Install the Dell Utilities & Drivers that are supplied by Mandriva as part of the distribution. Install the libsmbios1 and libsmbios

 urpmi libsmbios1 libsmbios-bin


You now should have some basic Dell utilities installed that will let you access the System Management Interface. You need to load some drivers if they haven't already been loaded. The drivers are provided as part of the kernel RPMS. The Dell OMSA start up scripts will load these drivers on the next boot or you can add them to your modules.

modprobe dcdbas
modprobe dell_rbu

You should now be able to use the basic utilities to get information from your system such as the Dell Service Tag and the level of firmware. On a number of Dell systems you also now have the ability to update the system firmware while running under Mandriva Linux.

# rpm -qil libsmbios-bin
Name        : libsmbios-bin                Relocations: (not relocatable)
Version     : 0.13.2                            Vendor: Mandriva
Release     : 1mdv2007.1                    Build Date: Thu 08 Mar 2007 05:50:03 AM EST
Install Date: Tue 19 Jun 2007 03:41:29 PM EDT      Build Host: n1.mandriva.com
Group       : System/Configuration/Hardware   Source RPM: libsmbios-0.13.2-1mdv2007.1.src.rpm
Size        : 127090                           License: GPL/Open Software License
Signature   : DSA/SHA1, Wed 28 Mar 2007 04:11:45 PM EDT, Key ID e7898ae070771ff3
Packager    : Frederic Crozat <fcrozat@mandriva.com>
URL         : http://linux.dell.com/libsmbios/main
Summary     : The "supported" sample binaries that use libsmbios
Description :
Libsmbios is a library and utilities that can be used by client programs
to get information from standard BIOS tables, such as the SMBIOS table.

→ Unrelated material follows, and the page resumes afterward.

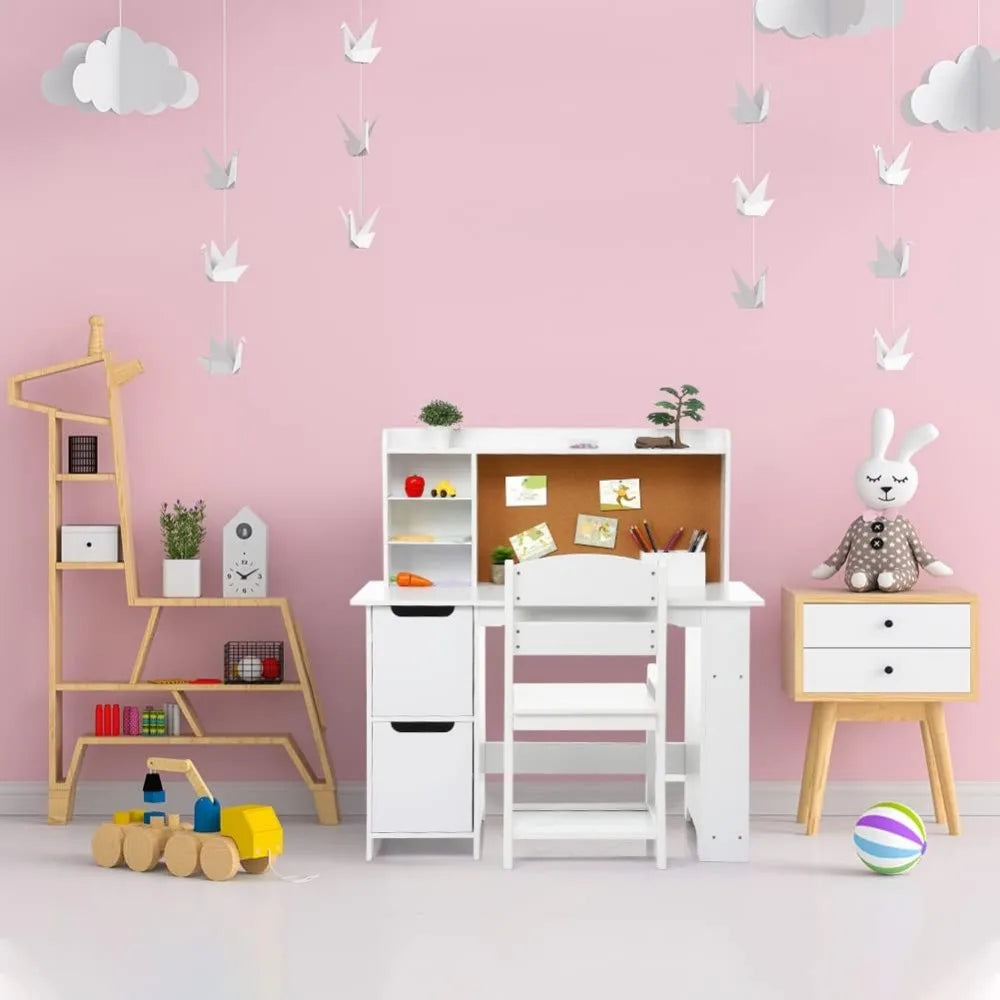 Kid's Study Desk with Chair for 3-8 Years Old, Study Writing Table for Home School Use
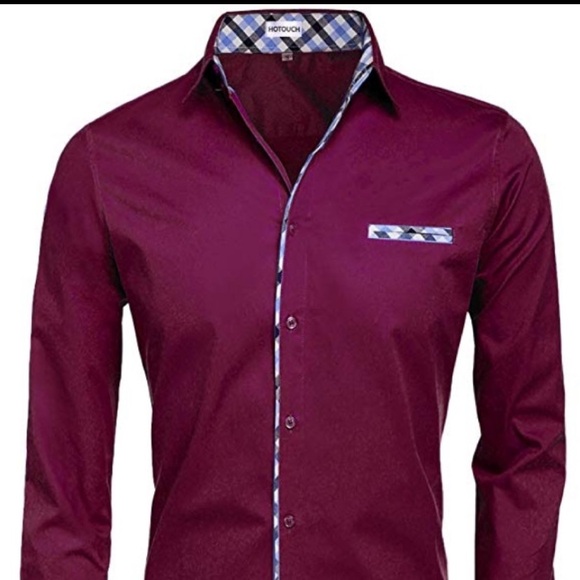 Hot Touch burgundy dress shirt - Picture 1 of 2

This package contains some sample binaries that use libsmbios.
/usr/bin/assetTag
/usr/bin/dellBiosUpdate
/usr/bin/dellLcdBrightness
/usr/bin/getSystemId
/usr/bin/propertyTag
/usr/bin/serviceTag
/usr/bin/tokenCtl
/usr/bin/verifySmiPassword
/usr/bin/wakeupCtl


# getSystemId
Libsmbios:    0.13.2
System ID:    0x0135
Service Tag:  8Q4YXXX
Express Service Code: 18994NNNNNN
Product Name: PowerEdge 1600SC
BIOS Version: A12
Vendor:       Dell Computer Corporation
Is Dell:      1


Install the C++ standard library version 5

Dell OMSA is linked against an older library than the default version 6 that ships with Mandriva.

# urpmi libstdc++5

# rpm -qil libstdc++5
Name        : libstdc++5                   Relocations: (not relocatable)
Version     : 3.3.6                             Vendor: Mandriva
Release     : 3mdk                          Build Date: Wed 19 Oct 2005 11:40:11 AM EDT
Install Date: Sat 17 Nov 2007 07:15:04 PM EST      Build Host: n2.mandriva.com
Group       : System/Libraries              Source RPM: gcc3.3-3.3.6-3mdk.src.rpm
Size        : 765624                           License: GPL
Signature   : DSA/SHA1, Wed 28 Mar 2007 04:12:03 PM EDT, Key ID e7898ae070771ff3
Packager    : Mandriva Linux Team <http://www.mandrivaexpert.com/>
URL         : http://gcc.gnu.org/
Summary     : GNU C++ library
Description :
This package contains the GCC Standard C++ Library v3, an ongoing
project to implement the ISO/IEC 14882:1998 Standard C++ library.
/usr/lib/libstdc++.so.5
/usr/lib/libstdc++.so.5.0.7


Install the Dell OMSA RPMS

The install scripts provided by Dell won't work under Mandriva so you need to install the RPMS by hand. Download the OMSA 5.2.x CD from Dell and mount it. Install the srvadmin packages that are in srvadmin/linux/RPMS/RHEL5. Not all of the packages are required. Some packages are for optional hardware like the Dell Remote Access Controllers (three different versions) and Dell Storage. For my systems I just installed the packages I needed. I tested that I could install all of the packages for completeness even though I didn't have those pieces of hardware. This was the minimal set of packages I needed for monitoring and also to run the dell web service.


mount /media/cdrom
cd /media/cdrom/srvadmin/linux/RPMS/RHEL5
urpmi libstdc++5
urpmi libsmbios-bin
rpm -Uvh instsvc-drivers-5.2.0-460.i386.rpm
rpm -Uvh srvadmin-omilcore-5.2.0-460.i386.rpm
rpm -Uvh srvadmin-omauth-5.2.0-460.rhel5.i386.rpm
rpm -Uvh srvadmin-deng-5.2.0-460.i386.rpm
rpm -Uvh srvadmin-omacore-5.2.0-460.i386.rpm
rpm -Uvh srvadmin-ipmi-5.2.0-460.rhel5.i386.rpm
rpm -Uvh srvadmin-hapi-5.2.0-460.i386.rpm
rpm -Uvh srvadmin-isvc-5.2.0-460.i386.rpm
rpm -Uvh srvadmin-omhip-5.2.0-460.i386.rpm
rpm -Uvh srvadmin-racvnc-5.2.0-460.i386.rpm
rpm -Uvh srvadmin-jre-5.2.0-460.i386.rpm
rpm -Uvh srvadmin-iws-5.2.0-460.i386.rpm


Start the Dell Processes and Test

Now your should be able to start the dell processes and test them.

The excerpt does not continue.